• _What is required_:
Print the listing as it stands, omitting all images.

• _Data shown_:
☆ ☆ ☆

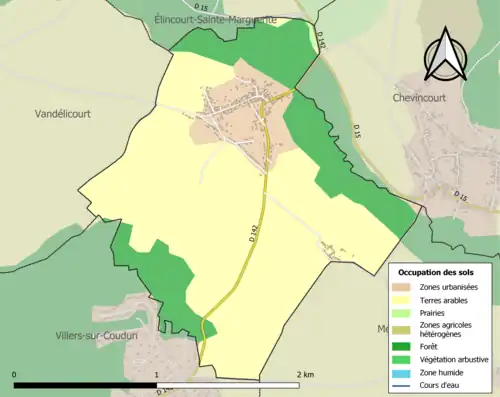 Carte en couleurs présentant l'occupation des sols.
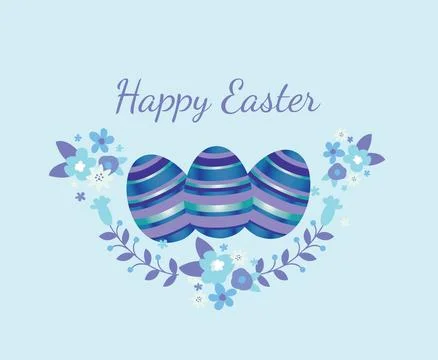 Easter poster and banner template with Easter eggs in the flower on light b.. Illustrazione stock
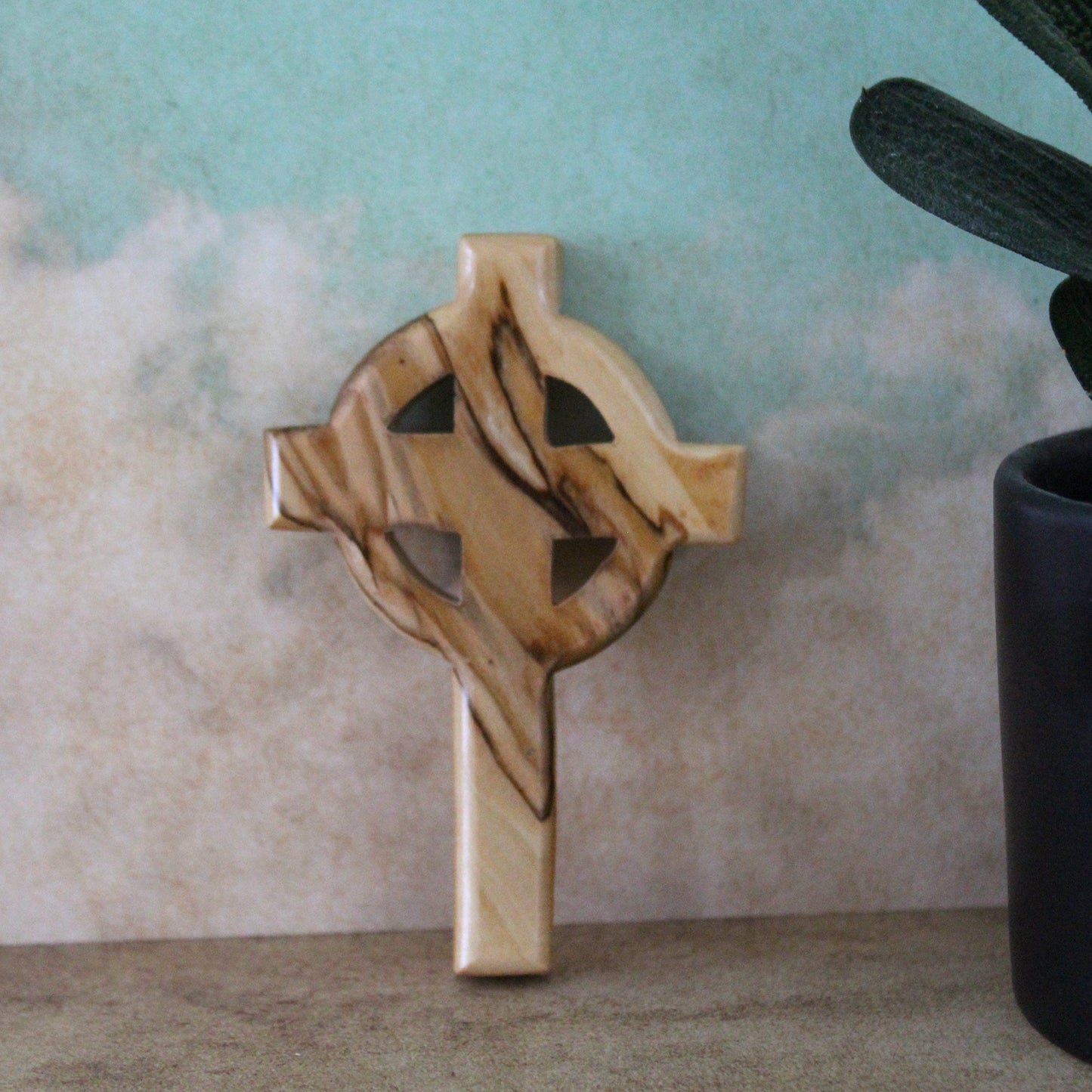 Get Two 3.9” Olive Wood Celtic Crosses, an Irish Symbol of Eternity & Infinite Love Made in Jerusalem, the Holy Land. Irish Cross Wall Décor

☆ ☆ ☆

• _Task output_:
 Carte en couleurs présentant l'occupation des sols.
 Easter poster and banner template with Easter eggs in the flower on light b.. Illustrazione stock
 Get Two 3.9” Olive Wood Celtic Crosses, an Irish Symbol of Eternity & Infinite Love Made in Jerusalem, the Holy Land. Irish Cross Wall Décor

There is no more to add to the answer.